Culture and the Downloadable Novel
November 1, 2012
JOHN HARRIS, editor of Praesidium and executive director of the Center for Literate Values, writes:
I happened upon Alexis de Tocqueville’s remarks about literary taste in American democracy recently. Dense irony swirled around the discovery of his words about the literary industry. He wrote:
The ever-growing crowd of readers and the continual need they have of the new assure the sale of a book that they scarcely esteem.
My Kindle allowed me to have a free copy of Tocqueville’s classic, in the first place … but I have long since learned that the price of such free stuff is a gaudy billboard staring me in the face every time I reach for my palm-held library. Last week, some TV serial titled “Nashville” hounded me. This week it’s a novel called Dawn which claims to be “Book One of the Xenogenesis Trilogy.” Has the author, then, already contracted to produce two more tomes … or is this glorious triad being republished for Kindle-owners after an initial triumph? Or, does it even matter? Isn’t everything a trilogy now? Does the sort of person who reads these things actually know what a trilogy is, any more than he or she is alert to the literal absurdity behind the word “xenogenesis”?
Tocqueville foresaw that, like everything else in America, creative literature would be driven by an insatiable thirst for novelty. Exoticism would be ground out without any consideration for plausibility. Breathless action would trump insight into human nature. Style and diction, of course, would court street-corner chatter rather than the poise of the classics.
Nothing really surprising there. This description more or less fits the romance whenever and wherever it has emerged. Sexual tension and marauding pirates drive the narrative of Daphnis and Chloe; sexual adventures and home-invaders fill chapter after chapter of The Golden Ass. The former is scarcely a better place to learn good Greek than the latter is to learn good Latin. These were works for a dynamic and growing middle class, its womenfolk (increasingly preserved from hard labor and coddled as trophies) bestowed with vast amounts of leisure in their comfy captivity.
Today’s setting, to be sure, is a little different: no two historical periods or cultural phases are inflexibly identical. Yet the similarities can descend to a stunning degree of subtlety. Consider only the kind of soft neo-paganism that circulates through all of these rambling fantasies, assuring the select few a safe passage to wealth and romantic bliss as the rest of the world goes to hell in a handbasket. To be sure, I haven’t read “Dawn” and have no plans to do so. What do you want to bet, though, that “xenogenesis” is a first cousin to Pan and Isis?
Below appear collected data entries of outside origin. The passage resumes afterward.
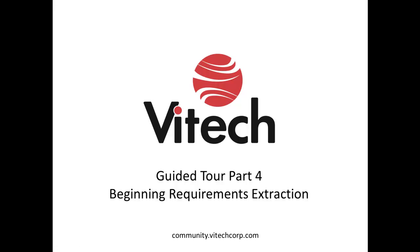This concludes Part 4 of the guided tour. Part 5 will address extracting child-level requirements and viewing the requirement hierarchy. If you have any questions or concerns, email me at support at viteccorp.com.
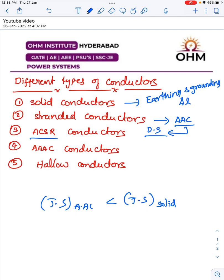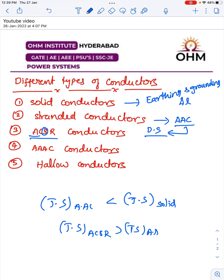Now, ACSR conductors. Since double AC conductors are not suitable for the transmission system, ACSR conductors came into the picture. Here, we use steel conductors in addition to aluminum conductors. A few strands are made up of steel and the remaining strands are made up of aluminum. The number of aluminum strands is more compared to steel strands, because the purpose of the steel strands is to increase tensile strength. So the tensile strength of ACSR conductors is greater than double AC conductors, and because of this improved tensile strength, ACSR conductors are suitable for longer spans and we can use them for the transmission system.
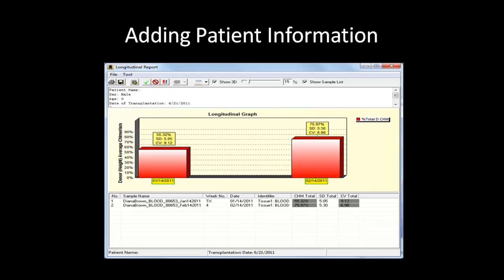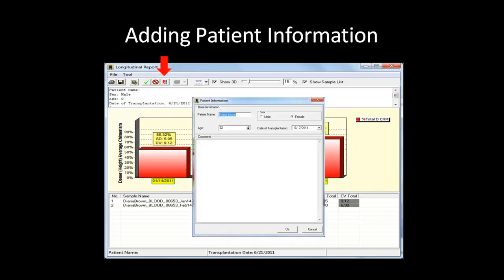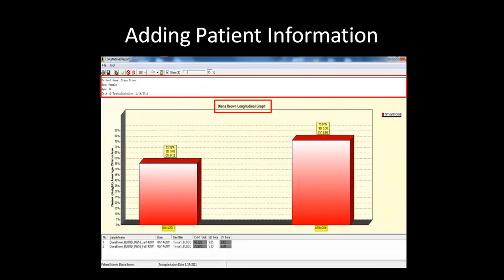To add basic patient information to the longitudinal report, click on the icon as shown. This will bring up a dialog box where you can enter information such as name, sex, age, date of transplantation, and comments. Click OK once you are finished. The patient's name will be populated in the title, and all information entered will be displayed in the top pane and saved or printed with the report.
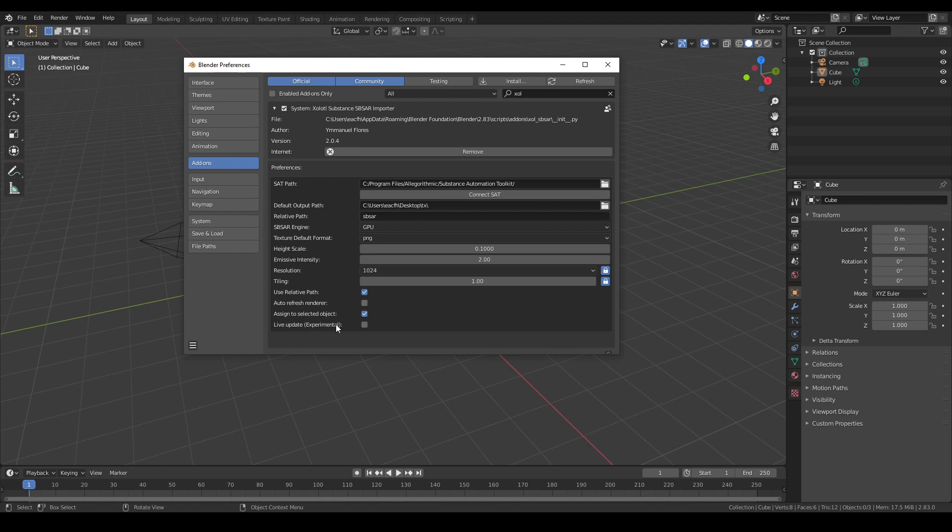Then we have the refresh render. This one is especially useful for Cycles. Sometimes Cycles can fail to reload the texture images when they change in the background. If this option is enabled, the plugin will force the update and reload the textures by stopping and restarting Cycles.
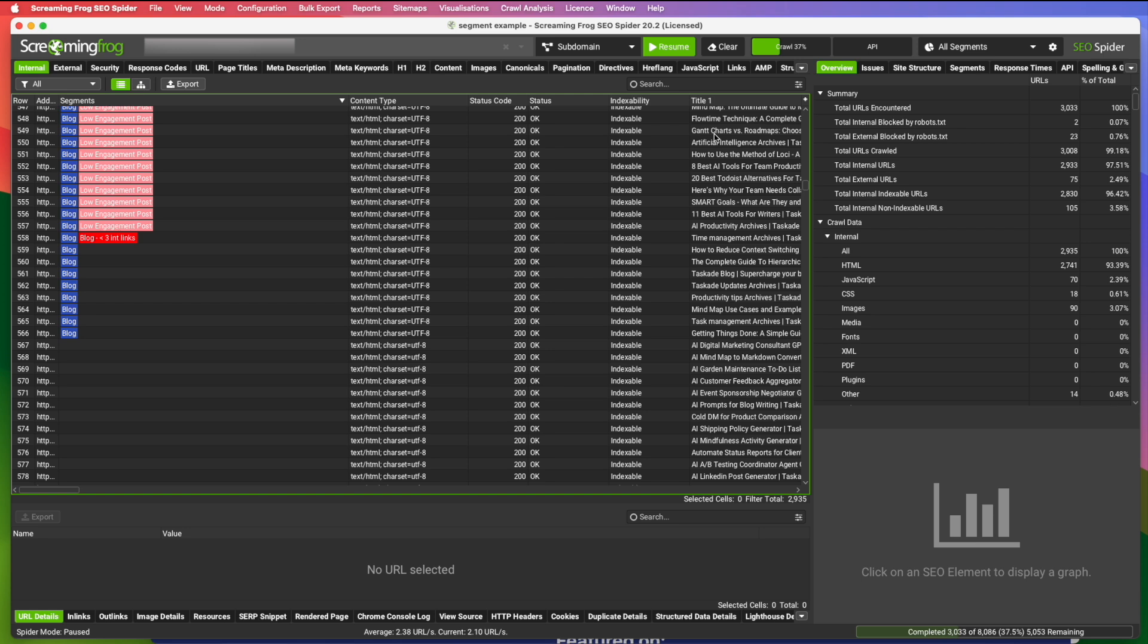But what this allows me to do is obviously I could alphabetize things in the URL section and I could see all my blog posts. But if I want blog posts with a low engagement rate, it's a little harder to see that data without these segments. So this just saves a ton of time.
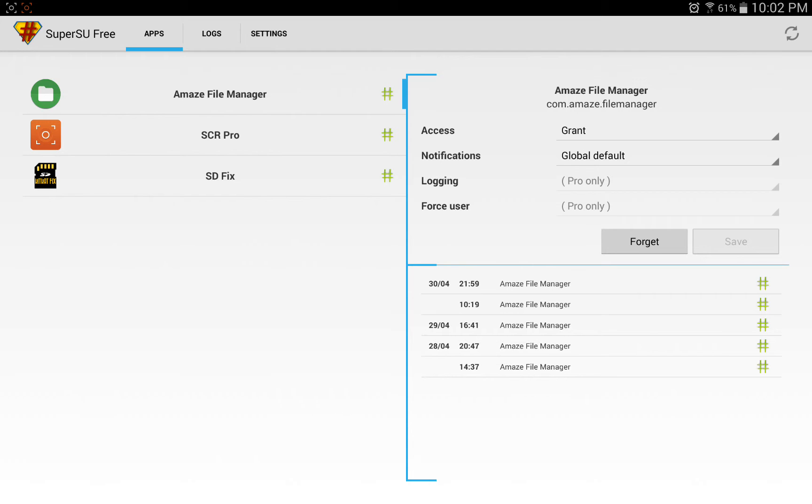And the most important of these three is going to be the one at the top, Amaze File Manager, because you're going to need to go in the settings and enable root access, and I'll show you how to do that in a second.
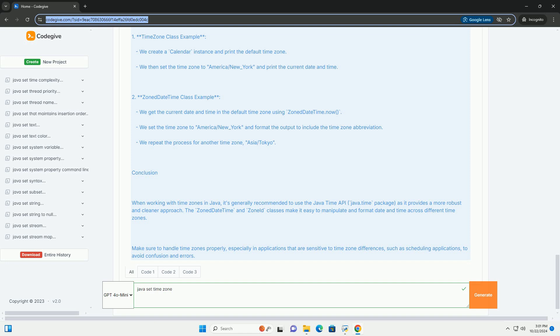Conclusion: When working with time zones in Java, it's generally recommended to use the Java Time API (java.time package), as it provides a more robust and cleaner approach. The ZonedDateTime and ZoneId classes make it easy to manipulate and format date and time across different time zones.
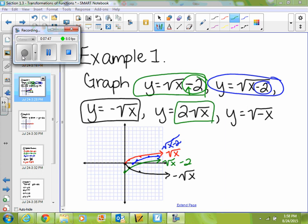For y equals 2 times square root of x, that just tells me that I'm multiplying everything by a factor of 2. So 0 times 2 stays 0. 1 times 2 goes up to 2, so I know I'm going to go up 2 instead of going up 1. And 2 times 2 changes to 4, so I know I'm going to go up 4. So that stretches my graph vertically.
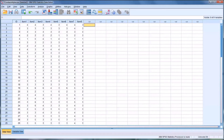Cronbach's Alpha is an estimate of internal consistency, which is an important construct when evaluating assessments. We want all items that are supposed to be measuring the same thing to be consistent with one another. Some instruments measure more than one subscale — for instance, an instrument with 40 or 50 items where 20 to 25 measure depression and the remainder measure anxiety. In that case, we'd expect all depression items to have high internal consistency and all anxiety items to have high internal consistency. In this example, since all items are designed to measure depression, we hope they hold together well.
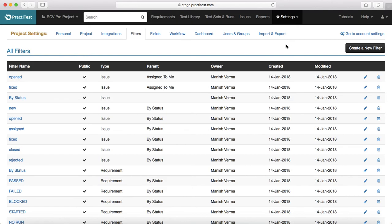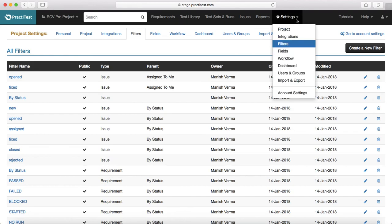It's pretty helpful in any sort of test management or defect management tool. You'll be able to pick up any tool and create your own custom filters. In the next session we will learn about field customization in PracticeTest. Thank you.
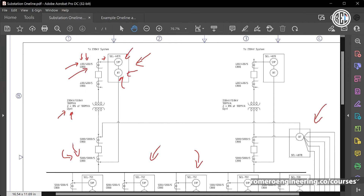Modern microprocessor-based relays like the 487E can have many more protective elements implemented — for example, a 50P instantaneous phase overcurrent element, a 24 volts-per-hertz element, or external trip inputs such as a sudden pressure device that signals the relay of a fault inside the transformer, causing the relay to trip. The key point is that this drawing tells you not only how the transformer protection relays are connected via CT connections, but also what protective elements are expected from these relays.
I still think — maybe twice a year now — about a novel called Footprints in the Snow of the Moon that I published through an on-demand outfit five years ago. It’s a story about middle-class people in Middle America during the cultural meltdown of the seventies. The publisher cleaned me out like one of Apuleius’s hooligans and moved on … but I have long faced up to the Tocquevillian realization that the work couldn’t have made a profit even if pumped up by Rush Limbaugh. In fact, conservative though I am and conservative though Rush appears in most ways, I doubt that he would know what to make of the thing. A couple of kids trying to navigate the sexual revolution without selling out their Christian heritage, their vision further warped by academe’s “sky’s the limit” claptrap and the social ambitions of their parents… a search for something like honor in a dishonorable era that ends in something like a free fall into the Unnamed God… how does that sound for a Kindle download? Not so much, in contemporary idiom.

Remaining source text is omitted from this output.